Wednesday, April 1, 2015
Nocturnal Haunts, by Amanda S. Green
For the past 15 minutes or so, I've been eating Orville Redenbacher's Gourmet Salted Caramel Popcorn, and trying to come up with the perfect words that would tell you what a great read "Nocturnal Haunts" is. The reason I'm having the internal discussion is because it's a novella, and all the rest of works in the series are novels. So I'm dithering.
Here's what I've come up with so far:
The room next to my man cave is the kitchen (because my man cave was originally a formal dining area (parquet floors)), and in the kitchen is my gift-from-God, happily-ever-after trophy wife Vanessa, the elegant foxy praying black grandmother of Woodstock, GA. She's doing something mysterious with sweet potatoes and cayenne pepper that involves a lot of utensils and cabinet doors. I can't go into details, because secret recipes.
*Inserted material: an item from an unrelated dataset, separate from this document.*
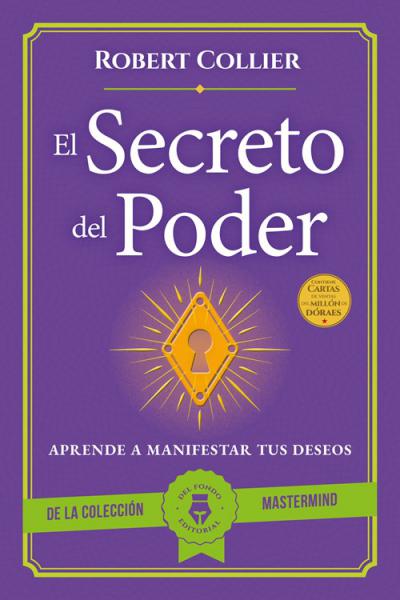 EL SECRETO DEL PODER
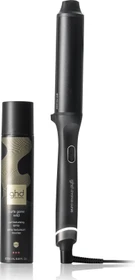 ghd Chronos Curve Max Wand Lockenstab 38mm schwarz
Anyway, I can quietly go into the kitchen, and kiss her on the back of the neck, and she will lean her head back into my chest, and for that moment, we are in a timeless place of beauty of beauty and love. It lasts for as long as it lasts, and we are happy.
But last summer, we took a shortish vacation. We visited my mom in Macon, and my step-mom in Jacksonville, and we spent time on the beach. We talked and talked in the car on the way down there, and I sang silly songs to her, and for THOSE moments, we were ALSO in a timeless place of beauty and love. It lasted for as long as it lasted, and we were happy.
Doesn't tell you jack squat about "Nocturnal Haunts," does it? But I liked writing it.
Actually, it was the time spent eating the popcorn that gave me the idea to compare sweet brevity with sweet , um, lengthity. Maybe the caramel got to me. But my point is that even though the novella is shorter than the novels, both are delightful experiences while they last.
Anyway, "Nocturnal Haunts" is a nice, tightly-written police procedural. It does involve people who can shape-shift, but the plot requires much more that they be good cops than have the ability to take an animal form. It's got all the action and interaction that marks the rest of Amanda's work, and it's also got a great plot twist, and nasty Hollywood-types.
Get it. Read it. And kiss somebody you love on the back of the neck.